Transactions in Commodity Interests are governed by the Commodity Exchange Act (CEA), as amended by Title VII of the Dodd-Frank Act, and the rules, orders and interpretations of the Commodity Futures Trading Commission (CFTC).

Insurance

Each state has its own insurance laws and regulations. Insurance products that have links to any securities or securities products will also be governed by securities regulators. 

Federal regulations: The Bank Secrecy Act (BSA) generally requires money services businesses (MSB) to register with FinCEN and establish anti-money laundering (AML) programs, recordkeeping, and certain transaction reporting. The USA PATRIOT Act amended the BSA to strengthen AML program requirements, conduct customer due diligence, and enhance customer identification programs.

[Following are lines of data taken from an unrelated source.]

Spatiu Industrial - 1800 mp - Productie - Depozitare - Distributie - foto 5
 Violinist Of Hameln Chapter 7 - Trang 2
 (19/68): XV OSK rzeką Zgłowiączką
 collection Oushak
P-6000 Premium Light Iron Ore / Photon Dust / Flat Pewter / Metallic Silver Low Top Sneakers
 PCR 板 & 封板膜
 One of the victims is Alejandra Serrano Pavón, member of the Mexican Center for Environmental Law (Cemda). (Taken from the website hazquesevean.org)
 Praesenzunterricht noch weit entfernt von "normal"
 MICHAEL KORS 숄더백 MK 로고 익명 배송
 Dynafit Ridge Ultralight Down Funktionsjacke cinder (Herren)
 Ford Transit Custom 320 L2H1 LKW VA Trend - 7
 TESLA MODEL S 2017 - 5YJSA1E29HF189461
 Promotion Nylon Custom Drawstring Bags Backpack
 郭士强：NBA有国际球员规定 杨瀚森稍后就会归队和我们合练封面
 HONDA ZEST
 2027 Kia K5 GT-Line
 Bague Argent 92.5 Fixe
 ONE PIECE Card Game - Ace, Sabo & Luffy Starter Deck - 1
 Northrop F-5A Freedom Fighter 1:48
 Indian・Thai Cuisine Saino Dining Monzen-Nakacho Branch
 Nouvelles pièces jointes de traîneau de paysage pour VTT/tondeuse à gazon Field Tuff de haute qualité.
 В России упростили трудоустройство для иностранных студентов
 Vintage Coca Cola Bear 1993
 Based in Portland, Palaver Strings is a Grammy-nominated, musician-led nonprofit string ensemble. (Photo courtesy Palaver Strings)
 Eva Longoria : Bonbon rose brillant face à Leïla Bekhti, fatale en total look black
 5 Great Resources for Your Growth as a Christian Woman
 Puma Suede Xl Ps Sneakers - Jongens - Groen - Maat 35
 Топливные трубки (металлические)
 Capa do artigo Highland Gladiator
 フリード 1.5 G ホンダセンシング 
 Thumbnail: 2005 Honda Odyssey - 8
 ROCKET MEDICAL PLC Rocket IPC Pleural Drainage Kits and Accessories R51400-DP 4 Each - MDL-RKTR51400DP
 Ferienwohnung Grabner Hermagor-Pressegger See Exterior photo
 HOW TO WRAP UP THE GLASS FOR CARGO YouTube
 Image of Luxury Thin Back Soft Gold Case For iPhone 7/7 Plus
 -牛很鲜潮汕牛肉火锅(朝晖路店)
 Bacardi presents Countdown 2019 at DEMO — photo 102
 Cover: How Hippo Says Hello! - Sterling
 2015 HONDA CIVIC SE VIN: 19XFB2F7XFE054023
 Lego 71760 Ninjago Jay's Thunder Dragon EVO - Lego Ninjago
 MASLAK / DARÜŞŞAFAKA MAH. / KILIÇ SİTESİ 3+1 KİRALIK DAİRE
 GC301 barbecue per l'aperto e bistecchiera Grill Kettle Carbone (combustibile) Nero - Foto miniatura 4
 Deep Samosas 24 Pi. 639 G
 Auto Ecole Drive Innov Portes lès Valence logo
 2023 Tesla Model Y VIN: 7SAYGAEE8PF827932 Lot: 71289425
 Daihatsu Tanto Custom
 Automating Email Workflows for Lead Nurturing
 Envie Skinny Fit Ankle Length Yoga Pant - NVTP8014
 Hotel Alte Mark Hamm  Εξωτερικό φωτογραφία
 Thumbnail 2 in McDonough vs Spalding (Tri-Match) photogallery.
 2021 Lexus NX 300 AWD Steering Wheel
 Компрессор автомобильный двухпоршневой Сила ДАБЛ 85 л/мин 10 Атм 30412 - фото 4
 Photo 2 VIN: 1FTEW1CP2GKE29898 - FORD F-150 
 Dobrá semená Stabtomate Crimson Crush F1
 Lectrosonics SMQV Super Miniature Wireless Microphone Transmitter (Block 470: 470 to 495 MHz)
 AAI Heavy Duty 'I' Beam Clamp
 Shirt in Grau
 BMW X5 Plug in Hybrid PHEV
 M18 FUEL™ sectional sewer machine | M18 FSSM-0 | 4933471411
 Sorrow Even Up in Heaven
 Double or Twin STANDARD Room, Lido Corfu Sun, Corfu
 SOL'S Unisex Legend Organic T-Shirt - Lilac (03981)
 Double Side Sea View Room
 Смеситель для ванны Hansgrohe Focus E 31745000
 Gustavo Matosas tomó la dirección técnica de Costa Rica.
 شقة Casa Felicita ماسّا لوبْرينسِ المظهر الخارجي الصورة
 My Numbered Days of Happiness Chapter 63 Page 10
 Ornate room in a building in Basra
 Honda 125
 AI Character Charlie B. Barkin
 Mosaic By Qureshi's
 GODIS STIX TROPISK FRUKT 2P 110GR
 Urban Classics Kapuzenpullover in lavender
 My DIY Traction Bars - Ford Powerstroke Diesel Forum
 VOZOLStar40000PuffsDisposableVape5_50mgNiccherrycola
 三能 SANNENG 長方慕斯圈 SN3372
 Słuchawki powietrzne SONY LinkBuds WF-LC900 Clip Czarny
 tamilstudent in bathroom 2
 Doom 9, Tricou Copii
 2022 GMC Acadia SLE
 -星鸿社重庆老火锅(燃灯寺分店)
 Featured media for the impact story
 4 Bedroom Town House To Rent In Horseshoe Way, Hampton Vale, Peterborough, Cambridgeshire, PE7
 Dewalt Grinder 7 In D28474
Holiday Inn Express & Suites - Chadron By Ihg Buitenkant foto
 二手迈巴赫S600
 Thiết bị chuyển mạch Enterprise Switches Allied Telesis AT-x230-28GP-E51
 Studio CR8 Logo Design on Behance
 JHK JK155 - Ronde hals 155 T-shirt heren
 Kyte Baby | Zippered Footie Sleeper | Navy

State regulations: Each state has laws and regulations applicable to money transmission businesses. While there are efforts to harmonize these regulations, currently these regulations vary state by state in terms of licensing requirements, exemptions and regulatory interpretation. Many states also have regulations designed to protect consumers who use money transmission services.

All financial institutions

The BSA, the USA PATRIOT Act, as well as regulations promulgated by FinCEN and the Office of Foreign Assets Control (OFAC), contain the laws, rules and regulations concerning anti-money laundering controls, processes, reporting, disclosure and other requirements applicable to most financial institutions and other businesses conducting activities that could raise money laundering risks.